WORK TO COMPLETE
Please repeat the data exactly. Any picture in it stays out.

INPUT DATA

....

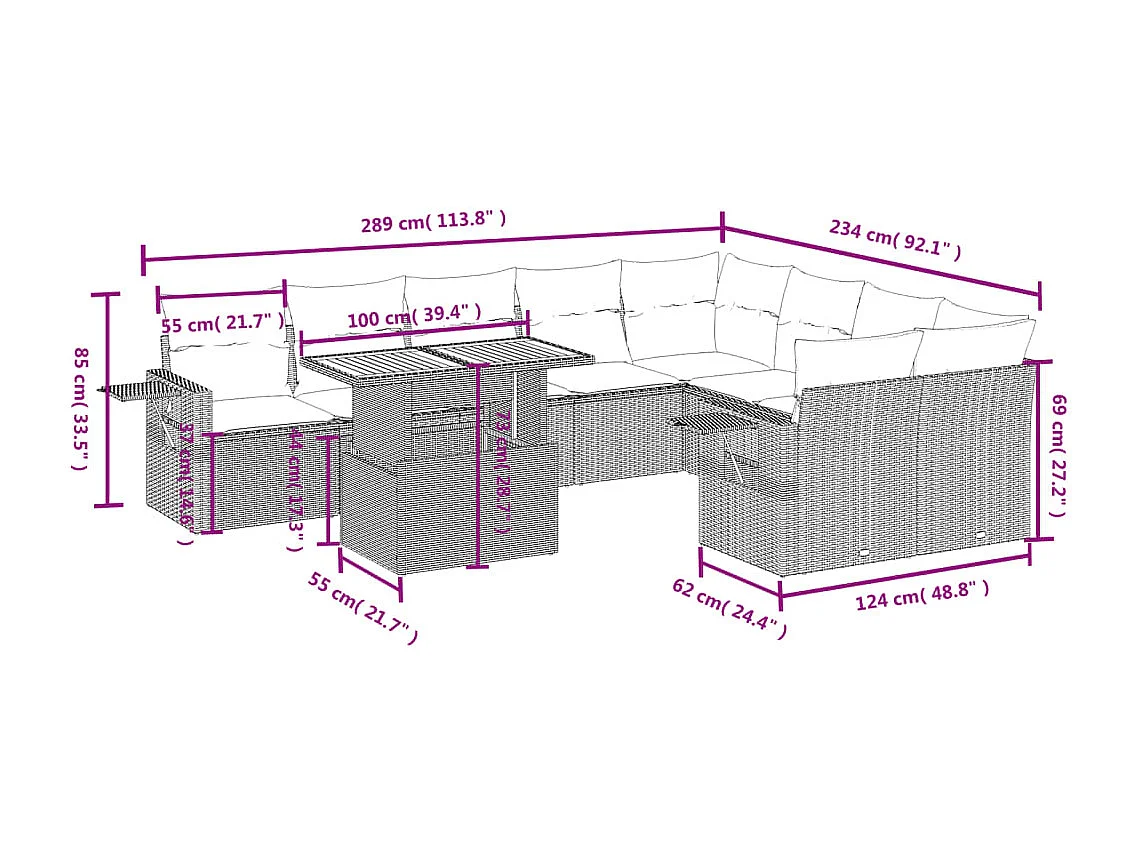 10-delige Loungeset met kussens poly rattan beige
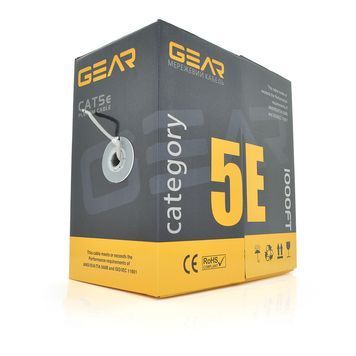 Кабель витая пара GEAR UTP 4x2x0,51 Cat5E, CCA, для внутренних работ, серый,305m GEAR купить в Украине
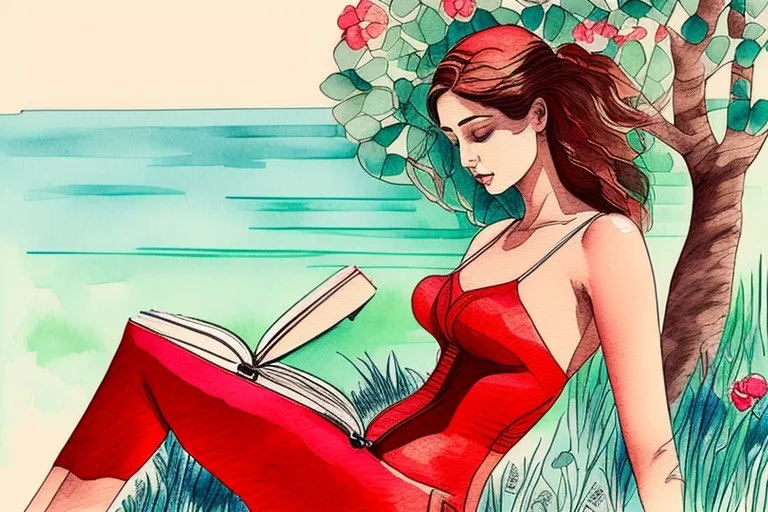 woman in red swimsuit reading a book in a beautiful garden in sunshine style Vittorio Giardino, stylized pen drawing and watercolor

....

OUTPUT FOR THIS TASK
 10-delige Loungeset met kussens poly rattan beige
 Кабель витая пара GEAR UTP 4x2x0,51 Cat5E, CCA, для внутренних работ, серый,305m GEAR купить в Украине
 woman in red swimsuit reading a book in a beautiful garden in sunshine style Vittorio Giardino, stylized pen drawing and watercolor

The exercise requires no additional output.